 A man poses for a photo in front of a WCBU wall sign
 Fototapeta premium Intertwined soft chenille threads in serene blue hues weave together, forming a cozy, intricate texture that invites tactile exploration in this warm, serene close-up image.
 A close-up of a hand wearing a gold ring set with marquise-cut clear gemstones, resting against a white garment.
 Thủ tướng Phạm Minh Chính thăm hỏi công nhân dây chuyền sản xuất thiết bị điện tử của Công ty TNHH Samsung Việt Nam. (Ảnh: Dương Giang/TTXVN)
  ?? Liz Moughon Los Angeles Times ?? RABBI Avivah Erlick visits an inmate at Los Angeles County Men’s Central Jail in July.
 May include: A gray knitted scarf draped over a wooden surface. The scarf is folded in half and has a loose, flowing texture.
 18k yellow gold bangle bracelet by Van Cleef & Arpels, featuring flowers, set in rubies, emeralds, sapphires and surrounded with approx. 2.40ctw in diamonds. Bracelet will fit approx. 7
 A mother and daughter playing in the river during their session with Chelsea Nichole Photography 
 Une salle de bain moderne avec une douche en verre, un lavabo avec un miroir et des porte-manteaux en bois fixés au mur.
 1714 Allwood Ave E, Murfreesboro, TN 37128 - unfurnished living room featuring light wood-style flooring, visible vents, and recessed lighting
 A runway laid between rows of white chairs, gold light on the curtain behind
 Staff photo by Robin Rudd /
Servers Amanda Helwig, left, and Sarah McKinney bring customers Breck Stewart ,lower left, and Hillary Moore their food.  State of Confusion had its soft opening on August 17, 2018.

========================

- _WORK TO COMPLETE_: Write the whole listing out again exactly.

- _WRITTEN RESPONSE_:
 A man poses for a photo in front of a WCBU wall sign
 Fototapeta premium Intertwined soft chenille threads in serene blue hues weave together, forming a cozy, intricate texture that invites tactile exploration in this warm, serene close-up image.
 A close-up of a hand wearing a gold ring set with marquise-cut clear gemstones, resting against a white garment.
 Thủ tướng Phạm Minh Chính thăm hỏi công nhân dây chuyền sản xuất thiết bị điện tử của Công ty TNHH Samsung Việt Nam. (Ảnh: Dương Giang/TTXVN)
  ?? Liz Moughon Los Angeles Times ?? RABBI Avivah Erlick visits an inmate at Los Angeles County Men’s Central Jail in July.
 May include: A gray knitted scarf draped over a wooden surface. The scarf is folded in half and has a loose, flowing texture.
 18k yellow gold bangle bracelet by Van Cleef & Arpels, featuring flowers, set in rubies, emeralds, sapphires and surrounded with approx. 2.40ctw in diamonds. Bracelet will fit approx. 7
 A mother and daughter playing in the river during their session with Chelsea Nichole Photography 
 Une salle de bain moderne avec une douche en verre, un lavabo avec un miroir et des porte-manteaux en bois fixés au mur.
 1714 Allwood Ave E, Murfreesboro, TN 37128 - unfurnished living room featuring light wood-style flooring, visible vents, and recessed lighting
 A runway laid between rows of white chairs, gold light on the curtain behind
 Staff photo by Robin Rudd /
Servers Amanda Helwig, left, and Sarah McKinney bring customers Breck Stewart ,lower left, and Hillary Moore their food.  State of Confusion had its soft opening on August 17, 2018.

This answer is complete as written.